No había electricidad
A principios del siglo XIX el desarrollo industrial promovido por la máquina de vapor empezó a alarmar a una población europea que había vivido hasta entonces con plausible comodidad. La proliferación de unos inventos y novedades que entonces parecieron gratuitos hizo que varias generaciones de escritores y pensadores, a los que se llamó románticos, pusieran el grito en el cielo y reclamaran un retorno a la naturaleza virginal y prístina. Fueron los primeros ecologistas del continente y se mostraron, más que en ninguna época pretérita, partidarios de lo que Dios creó en sus escasos días de actividad y reacios a unas extrañezas que no dejaban de perturbar el secular orden mitológico en el que vivían.
Los románticos, como es sabido, tuvieron que ver, muy a pesar suyo, cómo la industria y la máquina, luego la técnica, ocupaban el lugar de aquella bella artesanía que les había procurado, hasta aquel momento, un relativo y suficiente bienestar. Los inventos basados en los avances de la ciencia y de una técnica todavía primitiva avanzaron prodigiosamente, y hoy vivimos en una supuesta holgura de enorme calado. Pero también vivieron sin grandes dificultades ni carencias Diderot y Voltaire, Pascal y Newton, todos ajenos al agua corriente, a la bombilla incandescente, a la cocina eléctrica o a la nevera actual. Hoy nadie cae en la cuenta de los pocos años que llevamos viviendo al amparo de las invenciones de Faraday o de Edison y cuántos vivió la humanidad sin ellos: decenas, centenares de miles. Se va la luz y la humanidad catalana -como pudo haber sido la lituana o la polaca- reclama una normalidad que, en suma, no es más que una excepción en los anales de las costumbres de los seres.

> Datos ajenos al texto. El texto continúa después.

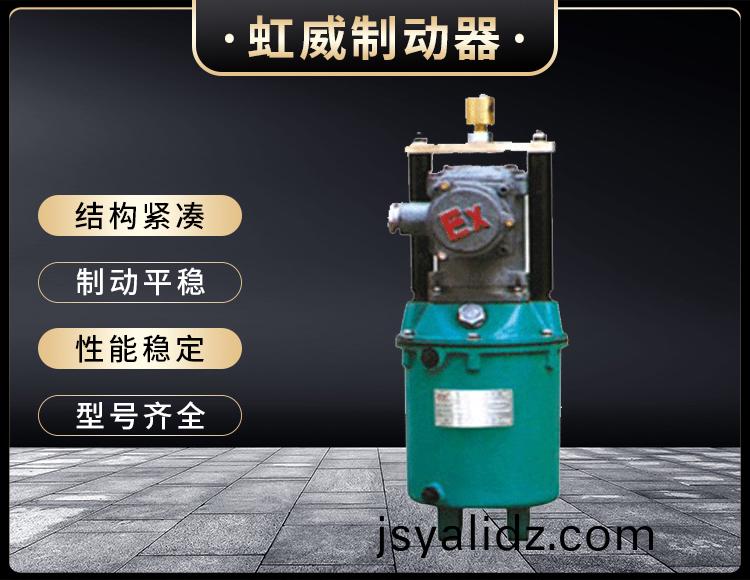 BYT係列(lie)隔爆型(xing)電力液壓推動器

Arrebujadas al calor de la lumbre tradicional -en especial en los medios rurales, no en las paganas ciudades-, algunas familias, muy pocas, toman esta contrariedad como un aviso acerca del carácter contingente de los hombres, una lección sobre los caprichos de la naturaleza y una advertencia sobre la fragilidad de nuestra especie. Estos vuelven a una paciente conversación y, con piedad dickensiana, se recuerdan los unos a los otros lo único que de verdad importa en esta vida: moriremos todos, sin excepción, a pesar de la electricidad y de las nuevas tecnologías. Estos felices pocos, pacíficos y conformes, no se refugian en las soflamas del Romanticismo. Basan su actitud en una visión muy imparcial de la materia histórica, seguros de que nuestra vida es hoy tan precaria como siempre, por muchos avances que, supuestamente, la historia nos ofrezca.